管理装置30は、受信装置20から受けた受信強度情報、受信時刻情報、受信装置IDの情報、装置IDの情報および生体情報に基づいて、乗員2を管理する。具体的には、管理装置30は、装置IDの情報から乗員2を特定する。管理装置30は、受信強度情報、受信時刻情報および受信装置IDの情報から、乗員2の位置を推定する。また、管理装置30は、乗員2の生体情報から乗員2の状態を推定する。すなわち、管理装置30は、乗員2の位置および乗員2の状態を管理する。
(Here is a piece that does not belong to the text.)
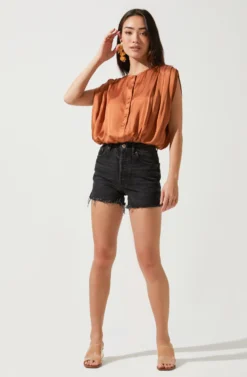 Naoko Pleated Sleeveless Top -Larana Style Shop ACT16679 CIDER 1 scaled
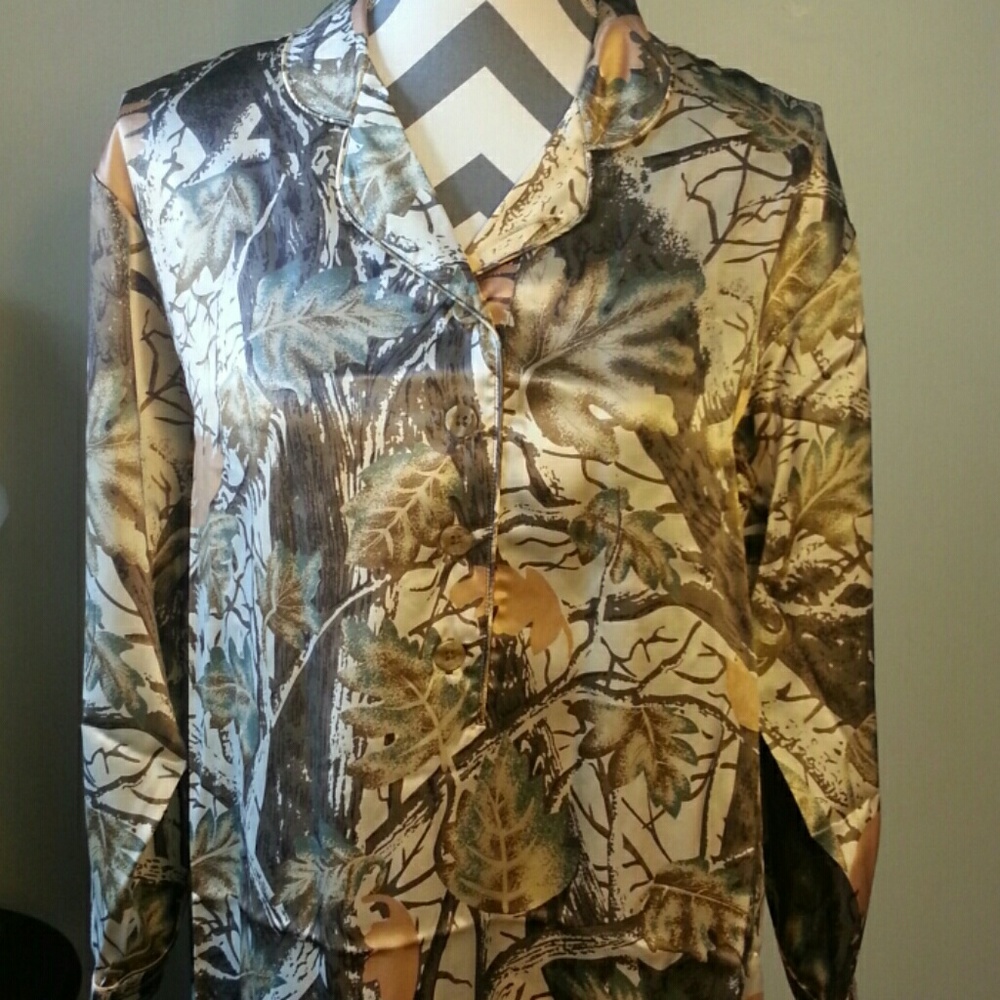Cabela's Silk Camo Nightgown / Sleepshirt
ここで、上述のように、ビーコン装置10から送信されるアドバタイズパケットには、乗員2の生体情報、すなわち乗員2の個人情報が含まれる。そのため、仮にアドバタイズパケットが意図しない者に傍受されたとしても、生体情報の漏洩を防止することが望ましい。実施の形態1に係る通信システム1では、ビーコン装置10は、セキュリティ対策のために共通鍵を用いて生体情報を暗号化する。そして、暗号化した生体情報をアドバタイズパケットに付加して送信する。これにより、アドバタイズパケットが意図しない者に傍受されたとしても、生体情報の漏洩を防止できる。
共通鍵は、管理装置30によって生成される。管理装置30によって生成された共通鍵は、ビーコン装置10において生体情報の暗号化に用いられ、受信装置20において暗号化された生体情報の復号に用いられる。具体的には、図1に示す例において、ビーコン装置10は、生体センサによって検出された生体情報を、共通鍵50を用いて暗号化して、アドバタイズパケットに付加する。アドバタイズパケットを受信した受信装置20は、共通鍵50を用いて生体情報を復号する。
ここで、意図しない者に共通鍵が漏洩することが起こり得る。このような場合においても、通信システム1のセキュリティを担保するために、実施の形態1に係る通信システム1では、共通鍵の更新を行なう。
具体的には、管理装置30は、所定周期毎に新たに共通鍵(図1に示す例における共通鍵51)を生成する。そして、管理装置30は生成した共通鍵51を通信ケーブル40を介して受信装置20に送信する。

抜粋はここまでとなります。